From the line that contains "Luvly Balloon Baron" down to the final line below, please repeat each line exactly and nothing more, with no pictures.
SUPPLIED INFORMATION Start Marker
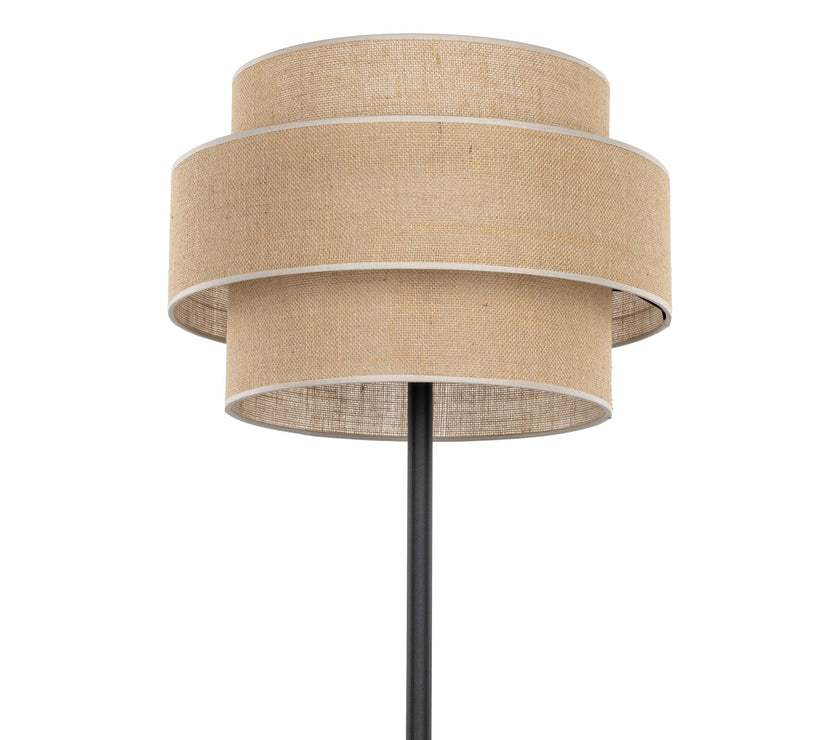CALISTO JUTE  Natural Floor Lamp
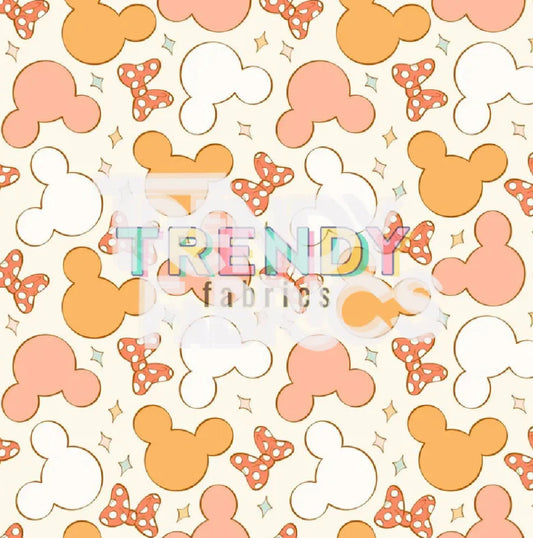 Orange Mickey Made to Order Single Items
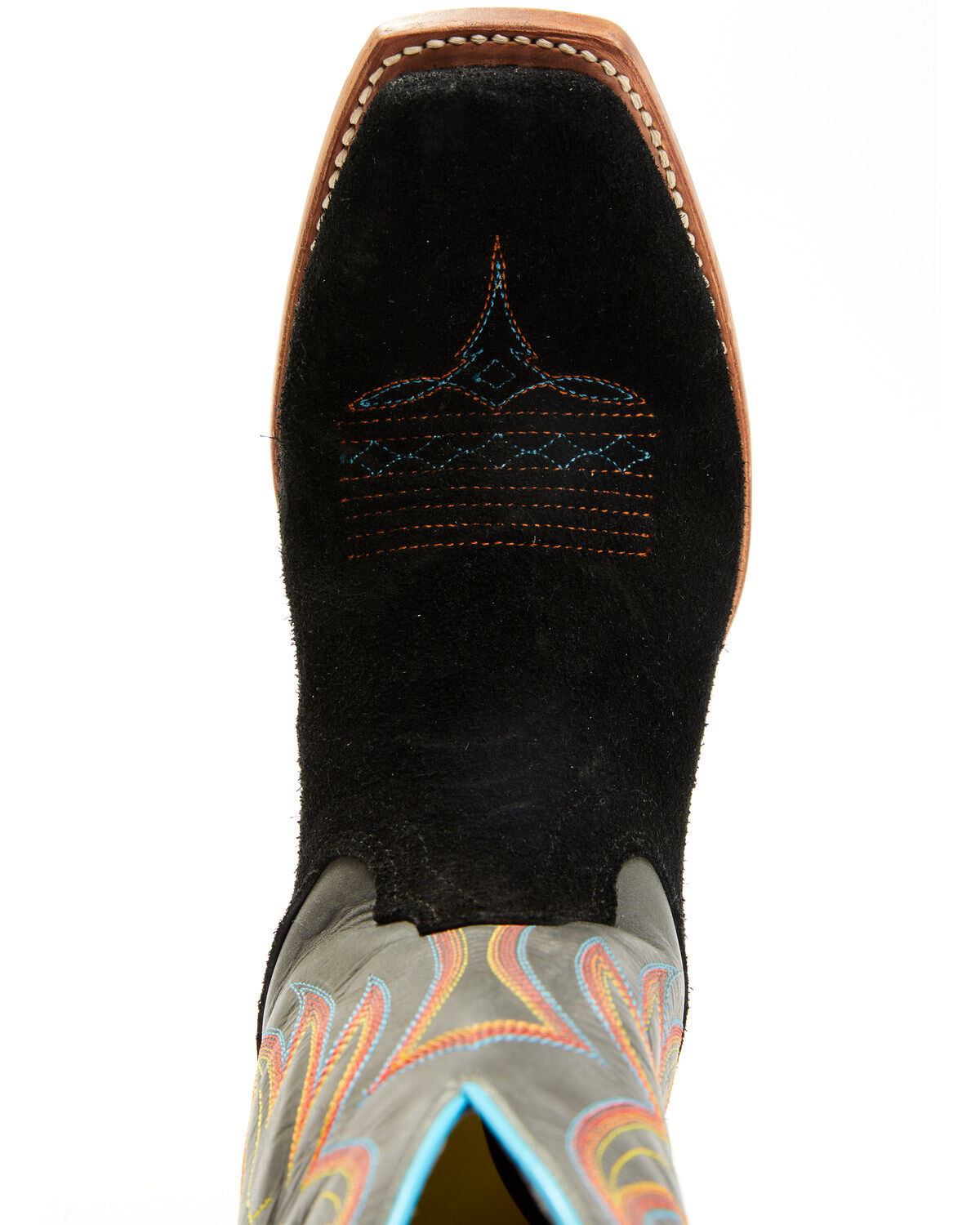 RANK 45® Men's Saloon Roughout Western Boots - Square Toe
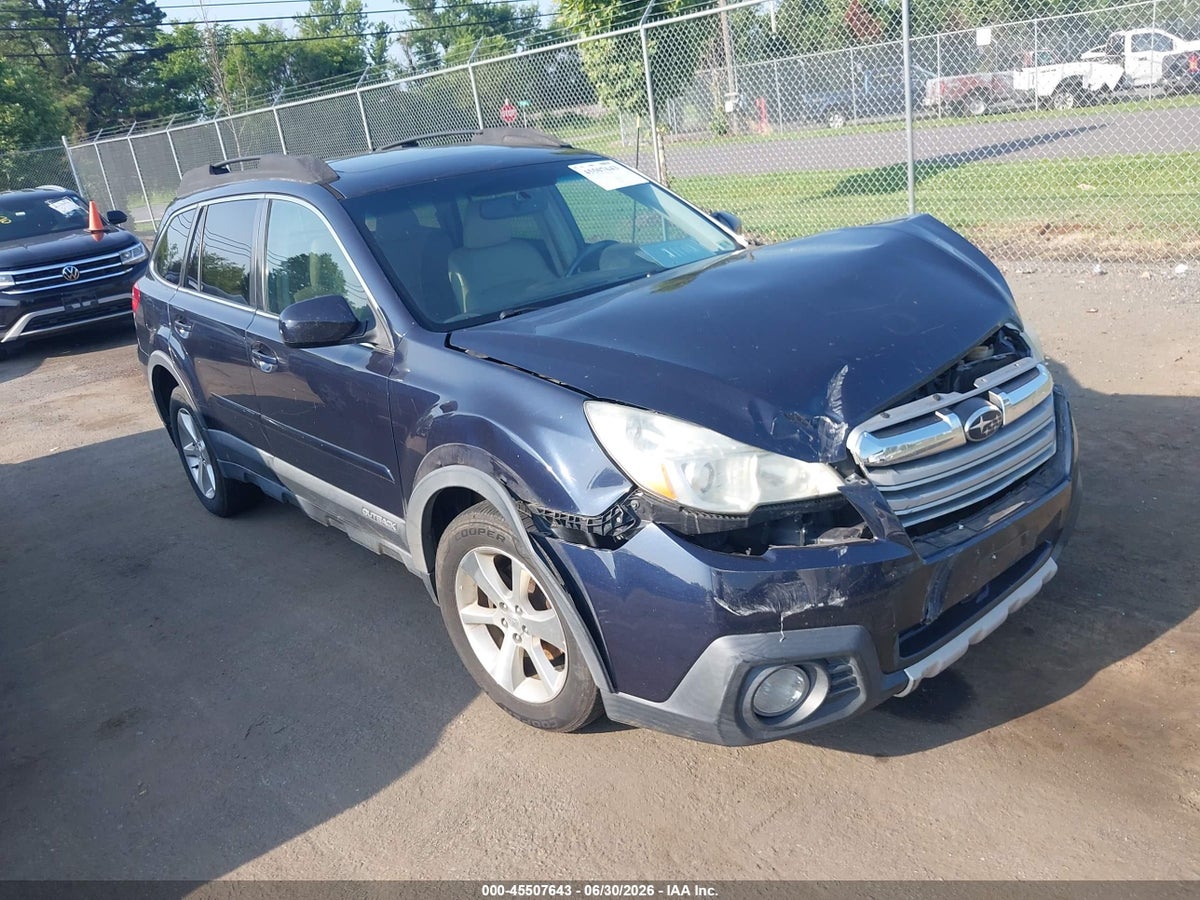 2013 SUBARU OUTBACK 2.5I LIMITED
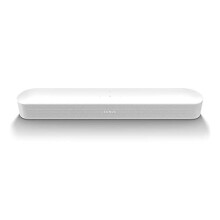 Sonos Beam (Gen 2). The compact smart soundbar for TV, music and more. (White)
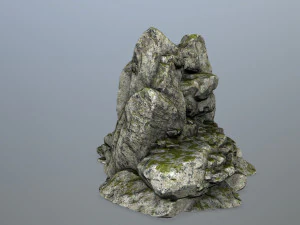 rocks 3D Model
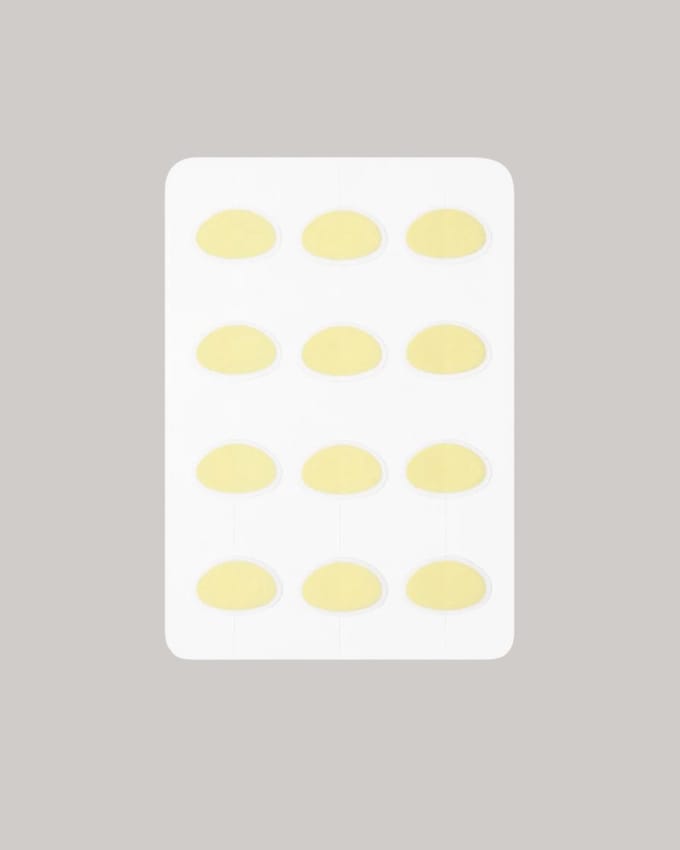 Rhode Spotwear – Hydrocolloid Pimple Patches – Acne Spot Stickers – 36 Stuks - Bubble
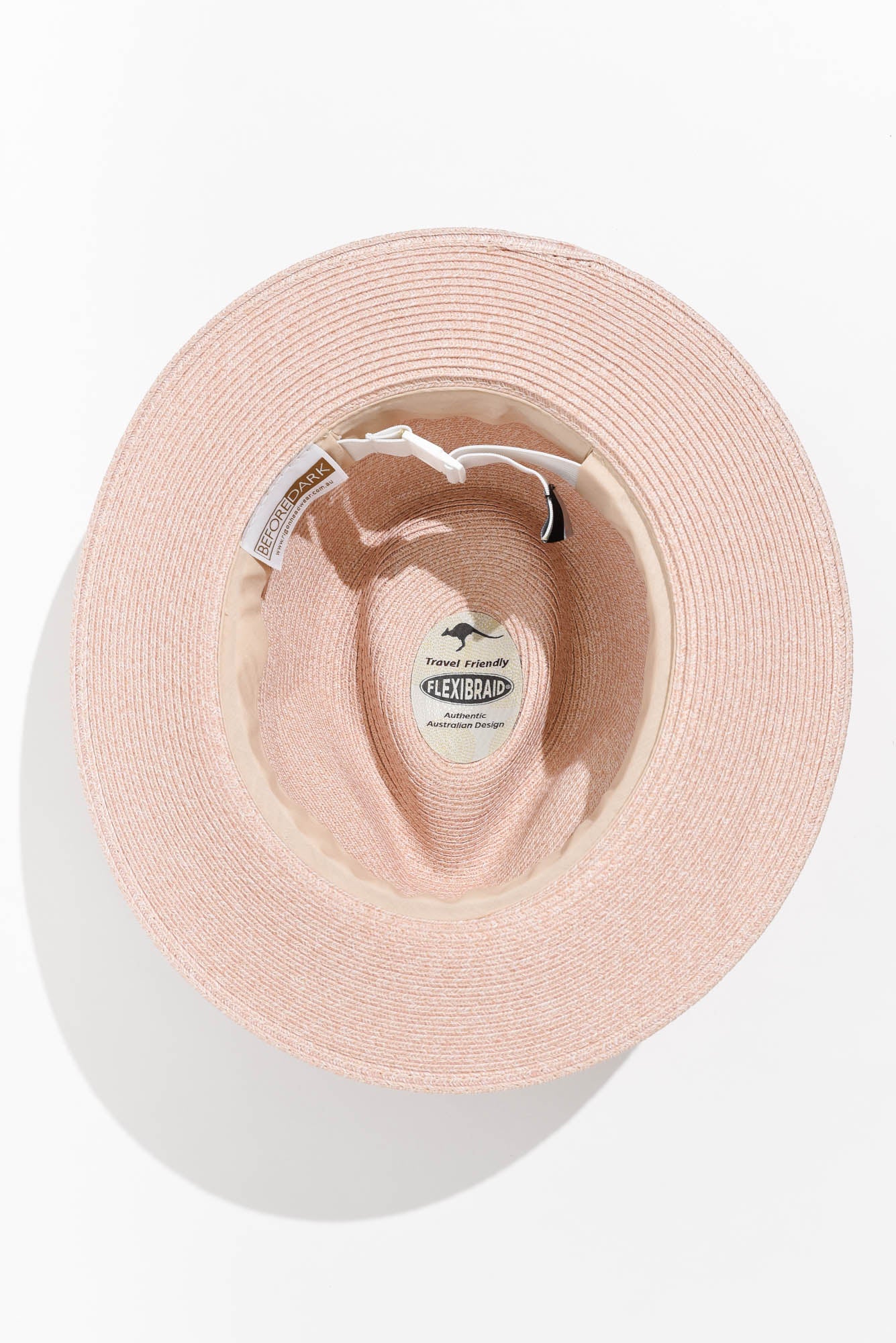 Rani Blush Travel Fedora - Image 4
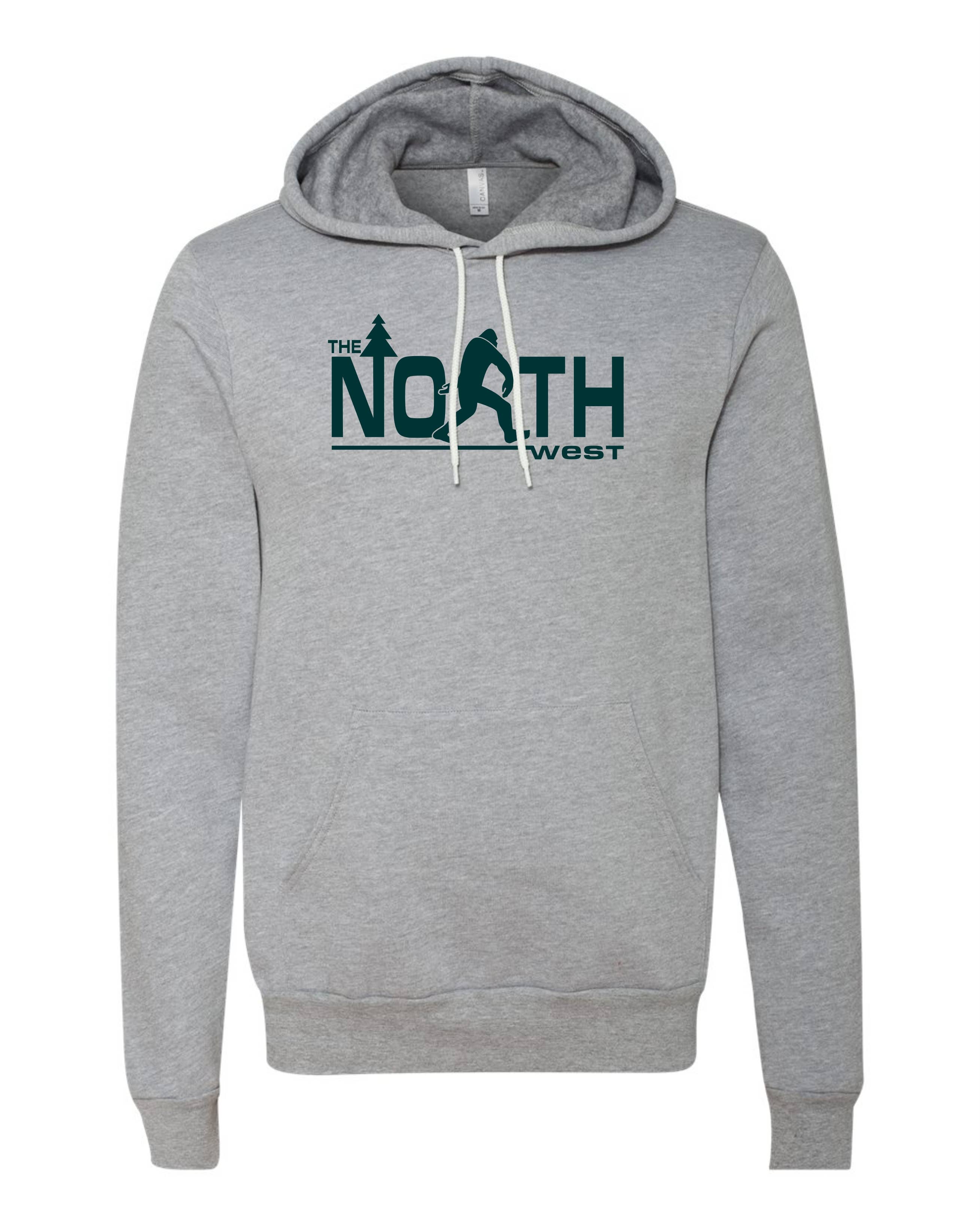 Jacknut Apparel – Engroshandel Hoodie – Unisex – Squatch Hættetrøje1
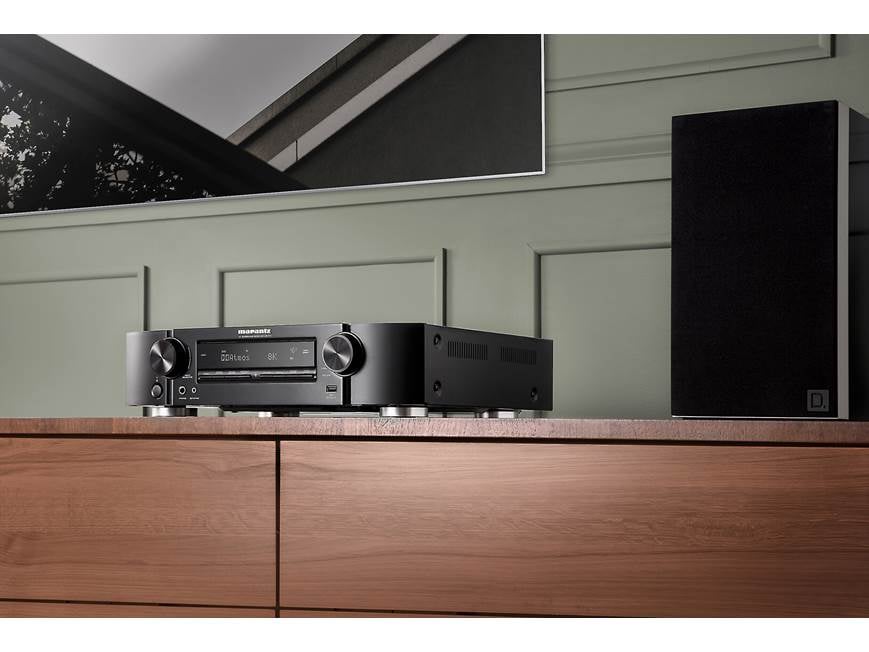 Marantz NR1711 7.2-channel slimline home theatre receiver with Wi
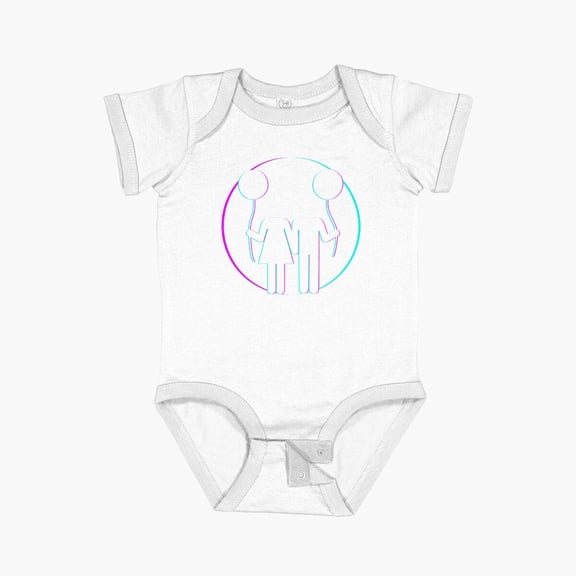 Luvly Balloon Baron Short Sleeve Baby One-Piece, New Born, Baby Shower Gift, New Parents Gift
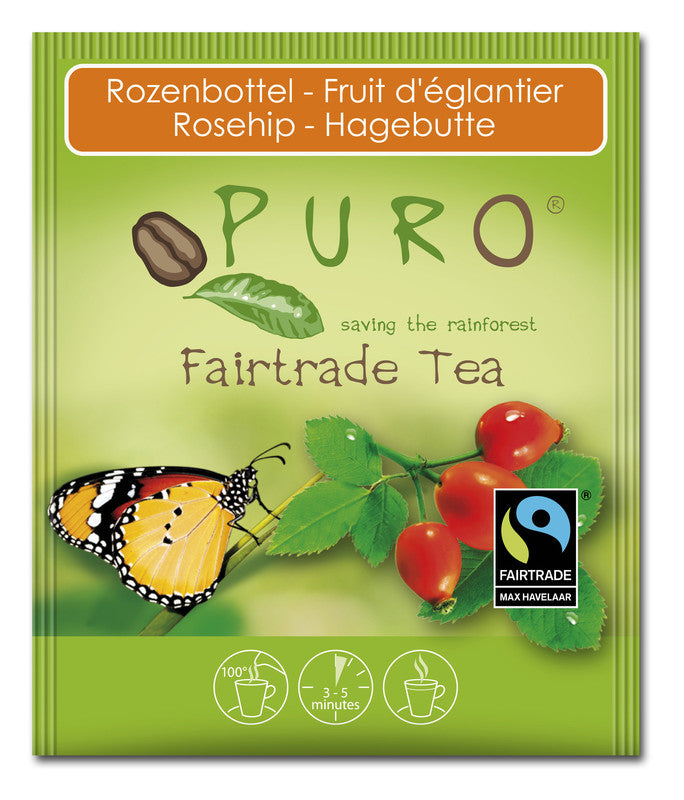 Fairtrade Tee Hagebutte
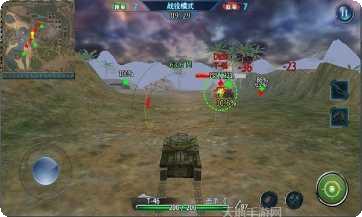 3D坦克停车场攻略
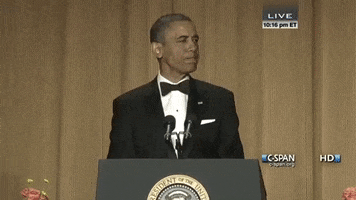 ignore lost for words GIF by Obama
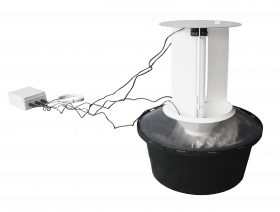 Twin 30W Actinic Robinson Moth Trap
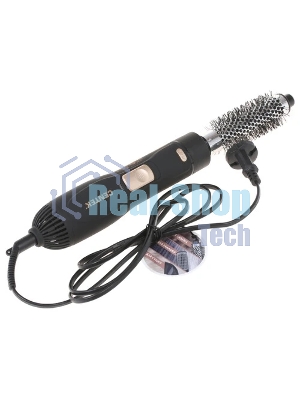 Фен-щётка Centek CT-2059 черный/золотистый, 1200 Вт, 25 мм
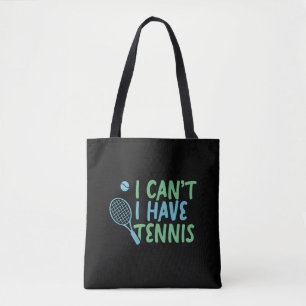 Bolso De Tela Tennis Sport Divertidos regalos de tenis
SUPPLIED INFORMATION End Marker
RESULT BELOW>
 Luvly Balloon Baron Short Sleeve Baby One-Piece, New Born, Baby Shower Gift, New Parents Gift
 Fairtrade Tee Hagebutte
 3D坦克停车场攻略
 ignore lost for words GIF by Obama
 Twin 30W Actinic Robinson Moth Trap
 Фен-щётка Centek CT-2059 черный/золотистый, 1200 Вт, 25 мм
 Bolso De Tela Tennis Sport Divertidos regalos de tenis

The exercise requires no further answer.